Transfer learning is a transformation process of any learned knowledge from one or more source domains to a target domain so that the target can enhance its prediction capability to solve the similar problems [53, 57]. Transfer learning is a proven technology in visual information processing [17, 22, 51] that helps to boost the system performance when there is only a small number of labeled training dataset. The studies in [6, 12, 30, 42, 43, 63] show versatile use of transfer learning in the diversified acoustic environment. To overcome the lack of data problem we also adopt the transfer learning from some well-known deep neural networks for music and video classification. We first load the pre-trained weights and then fine-tune the source neural network to make it be adapted to our music video dataset. After then, the learned features of each unimodal emotion classification are extracted for the final multimodal decision.
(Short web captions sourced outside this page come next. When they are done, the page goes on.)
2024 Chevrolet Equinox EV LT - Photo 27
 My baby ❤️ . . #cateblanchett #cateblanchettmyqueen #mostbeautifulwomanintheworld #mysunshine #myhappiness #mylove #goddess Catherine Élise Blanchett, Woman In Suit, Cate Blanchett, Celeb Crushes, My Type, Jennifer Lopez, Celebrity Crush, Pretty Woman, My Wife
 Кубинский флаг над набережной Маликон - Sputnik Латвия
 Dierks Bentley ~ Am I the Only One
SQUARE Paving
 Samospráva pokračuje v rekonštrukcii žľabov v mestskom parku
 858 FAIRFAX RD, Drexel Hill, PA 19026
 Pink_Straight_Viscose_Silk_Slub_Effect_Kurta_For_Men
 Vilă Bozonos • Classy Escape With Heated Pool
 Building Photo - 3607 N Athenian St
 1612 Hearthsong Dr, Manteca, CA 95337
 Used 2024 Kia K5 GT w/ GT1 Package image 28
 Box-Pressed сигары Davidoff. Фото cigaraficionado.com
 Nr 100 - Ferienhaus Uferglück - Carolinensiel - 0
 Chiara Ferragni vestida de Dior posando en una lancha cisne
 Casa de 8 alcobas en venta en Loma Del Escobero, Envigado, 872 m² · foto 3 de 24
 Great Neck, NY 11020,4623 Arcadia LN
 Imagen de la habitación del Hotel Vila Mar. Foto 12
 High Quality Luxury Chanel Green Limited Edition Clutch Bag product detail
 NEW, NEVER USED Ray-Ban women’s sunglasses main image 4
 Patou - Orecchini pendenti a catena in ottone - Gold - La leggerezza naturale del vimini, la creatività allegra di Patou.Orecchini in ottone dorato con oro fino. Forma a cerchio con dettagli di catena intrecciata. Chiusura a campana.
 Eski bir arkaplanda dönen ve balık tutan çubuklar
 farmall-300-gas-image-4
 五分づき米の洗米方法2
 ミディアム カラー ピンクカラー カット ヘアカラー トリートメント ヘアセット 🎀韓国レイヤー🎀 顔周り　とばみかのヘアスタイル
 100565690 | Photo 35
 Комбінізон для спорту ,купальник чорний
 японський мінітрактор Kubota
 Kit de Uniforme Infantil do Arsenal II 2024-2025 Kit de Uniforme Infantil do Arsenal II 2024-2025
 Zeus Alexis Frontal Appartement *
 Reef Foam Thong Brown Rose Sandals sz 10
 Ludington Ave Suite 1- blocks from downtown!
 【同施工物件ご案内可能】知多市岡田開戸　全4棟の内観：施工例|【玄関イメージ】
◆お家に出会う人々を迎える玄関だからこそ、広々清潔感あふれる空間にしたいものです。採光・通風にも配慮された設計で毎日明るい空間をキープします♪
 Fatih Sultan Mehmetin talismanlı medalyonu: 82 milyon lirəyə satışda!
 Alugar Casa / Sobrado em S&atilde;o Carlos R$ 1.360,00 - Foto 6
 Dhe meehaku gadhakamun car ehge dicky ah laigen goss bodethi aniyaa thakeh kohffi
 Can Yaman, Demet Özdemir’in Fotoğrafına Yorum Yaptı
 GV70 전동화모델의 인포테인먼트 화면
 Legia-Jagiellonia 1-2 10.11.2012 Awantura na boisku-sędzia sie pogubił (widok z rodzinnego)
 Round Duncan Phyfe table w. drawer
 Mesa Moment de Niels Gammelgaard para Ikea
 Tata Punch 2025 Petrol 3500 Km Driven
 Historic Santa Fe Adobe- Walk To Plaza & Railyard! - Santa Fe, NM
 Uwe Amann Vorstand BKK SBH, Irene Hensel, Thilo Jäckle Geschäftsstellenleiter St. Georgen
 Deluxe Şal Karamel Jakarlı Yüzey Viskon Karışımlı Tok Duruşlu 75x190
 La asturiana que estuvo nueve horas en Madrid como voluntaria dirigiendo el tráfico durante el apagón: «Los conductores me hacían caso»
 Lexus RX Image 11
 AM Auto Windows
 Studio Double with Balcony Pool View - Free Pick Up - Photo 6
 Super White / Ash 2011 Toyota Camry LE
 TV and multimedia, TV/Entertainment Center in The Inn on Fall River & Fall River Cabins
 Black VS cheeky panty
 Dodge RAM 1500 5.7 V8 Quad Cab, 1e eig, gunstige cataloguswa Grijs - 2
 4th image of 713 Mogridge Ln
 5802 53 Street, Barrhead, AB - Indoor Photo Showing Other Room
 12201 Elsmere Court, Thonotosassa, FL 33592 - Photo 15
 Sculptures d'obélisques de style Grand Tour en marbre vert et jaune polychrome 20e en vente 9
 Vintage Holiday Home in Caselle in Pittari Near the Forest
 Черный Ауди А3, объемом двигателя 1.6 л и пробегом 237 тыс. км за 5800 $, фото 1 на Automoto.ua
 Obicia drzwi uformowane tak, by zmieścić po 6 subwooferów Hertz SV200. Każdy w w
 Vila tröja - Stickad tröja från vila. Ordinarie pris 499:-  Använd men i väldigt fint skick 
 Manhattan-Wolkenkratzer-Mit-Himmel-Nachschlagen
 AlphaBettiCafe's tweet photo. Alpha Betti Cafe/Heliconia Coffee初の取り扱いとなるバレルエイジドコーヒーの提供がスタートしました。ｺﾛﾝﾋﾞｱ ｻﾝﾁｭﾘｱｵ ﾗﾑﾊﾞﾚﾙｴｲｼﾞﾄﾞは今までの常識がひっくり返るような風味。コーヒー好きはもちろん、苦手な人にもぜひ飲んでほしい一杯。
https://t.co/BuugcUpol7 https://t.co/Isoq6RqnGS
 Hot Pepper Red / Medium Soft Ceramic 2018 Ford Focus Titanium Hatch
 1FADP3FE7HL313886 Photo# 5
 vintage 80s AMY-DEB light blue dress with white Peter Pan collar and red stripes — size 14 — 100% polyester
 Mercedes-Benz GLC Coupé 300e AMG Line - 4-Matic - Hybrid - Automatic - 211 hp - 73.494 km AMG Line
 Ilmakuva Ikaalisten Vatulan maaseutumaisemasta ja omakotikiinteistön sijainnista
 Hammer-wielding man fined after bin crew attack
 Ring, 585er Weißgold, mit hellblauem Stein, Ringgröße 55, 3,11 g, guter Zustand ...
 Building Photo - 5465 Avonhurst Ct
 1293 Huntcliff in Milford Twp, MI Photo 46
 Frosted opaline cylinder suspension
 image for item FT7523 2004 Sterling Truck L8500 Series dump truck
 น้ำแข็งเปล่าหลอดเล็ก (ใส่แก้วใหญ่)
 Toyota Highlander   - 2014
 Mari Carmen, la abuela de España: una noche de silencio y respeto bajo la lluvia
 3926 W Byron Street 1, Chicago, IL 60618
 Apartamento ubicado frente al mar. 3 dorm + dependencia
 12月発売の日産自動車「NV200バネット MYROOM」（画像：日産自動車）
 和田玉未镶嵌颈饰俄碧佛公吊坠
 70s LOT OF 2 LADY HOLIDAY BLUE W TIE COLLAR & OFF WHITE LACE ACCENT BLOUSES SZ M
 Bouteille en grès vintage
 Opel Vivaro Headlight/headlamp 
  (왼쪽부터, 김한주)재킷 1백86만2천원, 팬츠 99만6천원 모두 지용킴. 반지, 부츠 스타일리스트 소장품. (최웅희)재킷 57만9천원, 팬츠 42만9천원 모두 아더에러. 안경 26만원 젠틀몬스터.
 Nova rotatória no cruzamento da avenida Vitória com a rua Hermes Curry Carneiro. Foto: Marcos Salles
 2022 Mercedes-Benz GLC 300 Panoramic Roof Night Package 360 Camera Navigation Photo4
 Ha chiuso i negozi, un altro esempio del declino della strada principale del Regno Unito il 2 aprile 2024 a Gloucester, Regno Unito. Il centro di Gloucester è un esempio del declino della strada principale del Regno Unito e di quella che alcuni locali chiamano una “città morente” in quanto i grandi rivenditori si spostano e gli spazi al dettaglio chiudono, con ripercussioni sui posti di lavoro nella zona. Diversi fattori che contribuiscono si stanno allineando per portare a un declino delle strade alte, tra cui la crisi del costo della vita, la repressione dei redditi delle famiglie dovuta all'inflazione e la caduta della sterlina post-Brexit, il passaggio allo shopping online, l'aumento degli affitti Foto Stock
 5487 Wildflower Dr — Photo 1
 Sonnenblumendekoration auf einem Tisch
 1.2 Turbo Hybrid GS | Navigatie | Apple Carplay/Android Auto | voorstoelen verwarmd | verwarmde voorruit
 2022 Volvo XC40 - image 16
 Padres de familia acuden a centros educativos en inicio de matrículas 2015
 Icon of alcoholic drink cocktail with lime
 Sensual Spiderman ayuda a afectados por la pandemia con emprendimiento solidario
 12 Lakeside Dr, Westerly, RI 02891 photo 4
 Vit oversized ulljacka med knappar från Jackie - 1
In this research two pre-trained video networks, namely, C3D trained on sport-1 M dataset [25] and I3D trained on RGB ImageNet [10] and kinetic dataset [26], are used. The C3D and I3D networks are fine-tuned with subsampled 32 frames that our GPU server can cope with. A pre-trained 2D Music CNN [14] trained with a Million song dataset [35] is adopted as a music emotion classifier. We also fine-tune this audio network to generalize the network capability for music emotion classification. A little variation is made on original pre-trained networks for music video emotion classification, which is described in Section 3.3 and 3.4.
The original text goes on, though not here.